*** Data in this exercise Section Begins ***
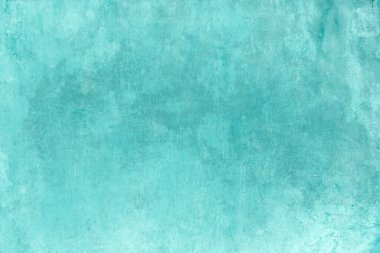 Mavi turkuaz grungy arkaplan veya doku 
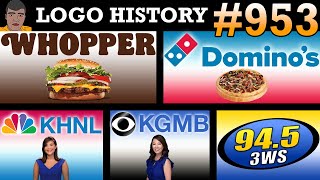 LOGO HISTORY 953 KHNL Whopper Dominos Romania amp More [upl. by Talya]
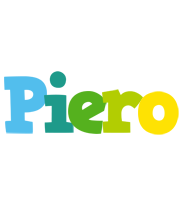 Piero rainbows logo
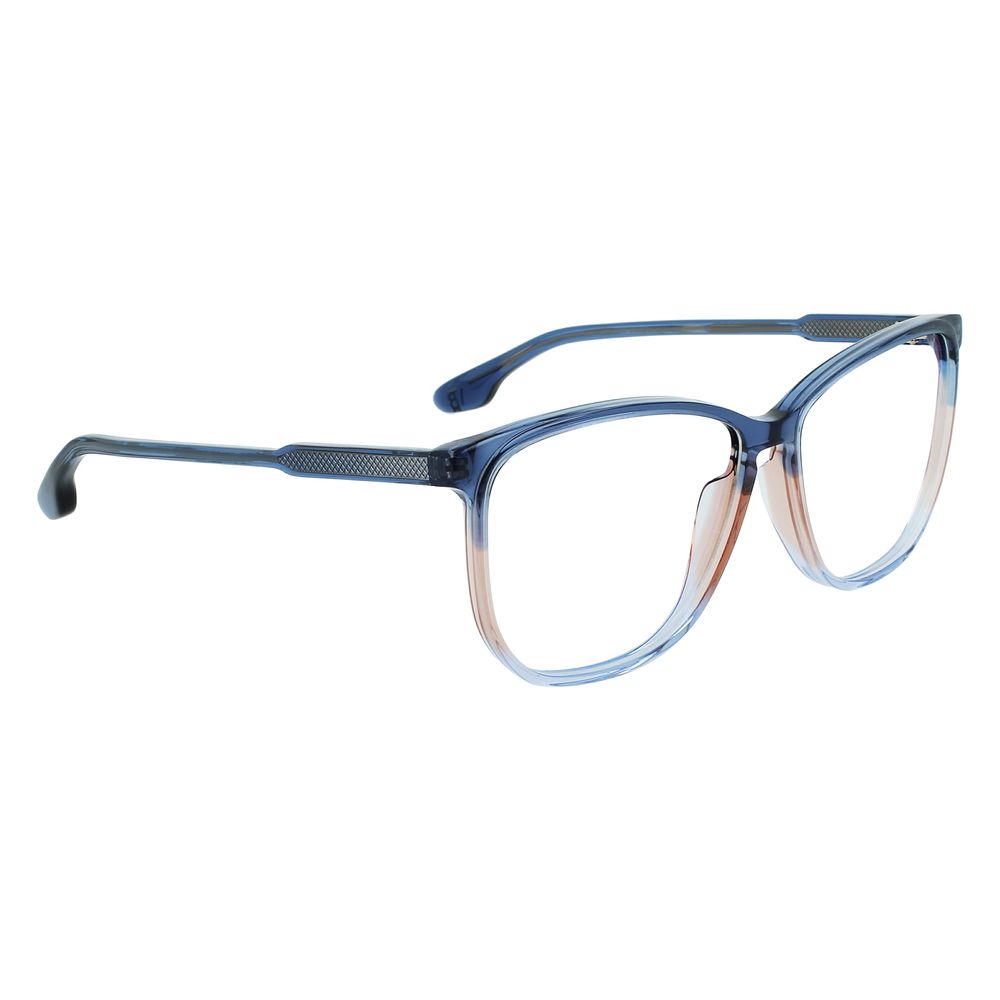 Victoria Beckham Women's Blue Optical Glasses – Square Frame 57mm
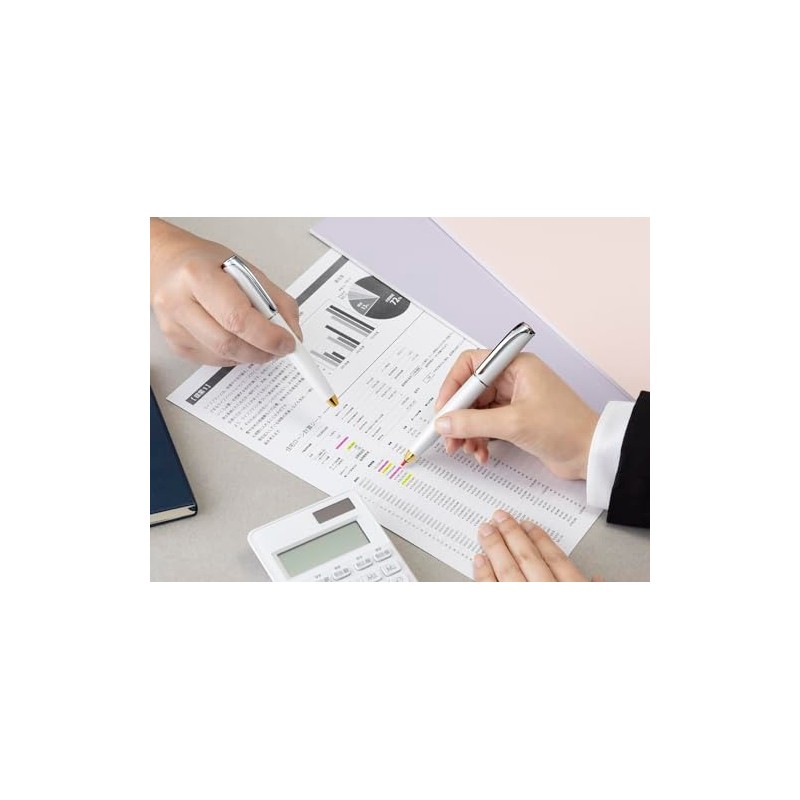 Zebra Highlighter, Highlighter, Filler Direction, Yellow, P-WKS68-Y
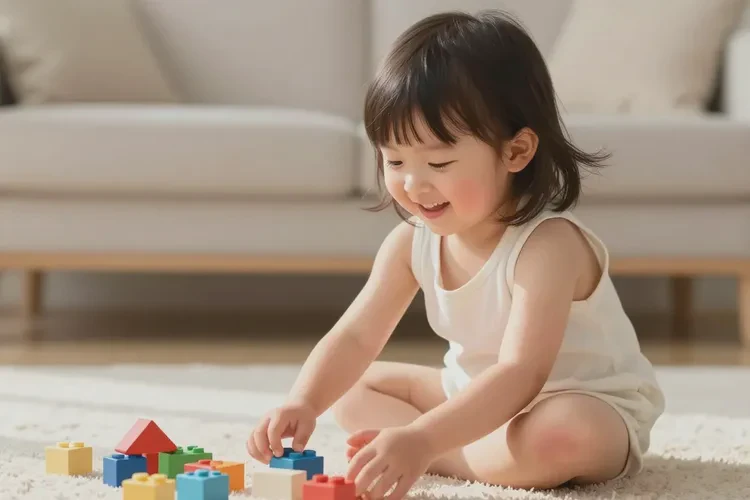 小儿身上起湿疹能治愈吗(图1)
*** Data in this exercise Section Ends ***
Task instructions:
Please output exactly the lines from the line containing "LOGO HISTORY 953" through the last line of the records above, both included, and leave out any pictures.

Solution to the exercise:
 LOGO HISTORY 953 KHNL Whopper Dominos Romania amp More [upl. by Talya]
 Piero rainbows logo
 Victoria Beckham Women's Blue Optical Glasses – Square Frame 57mm
 Zebra Highlighter, Highlighter, Filler Direction, Yellow, P-WKS68-Y
 小儿身上起湿疹能治愈吗(图1)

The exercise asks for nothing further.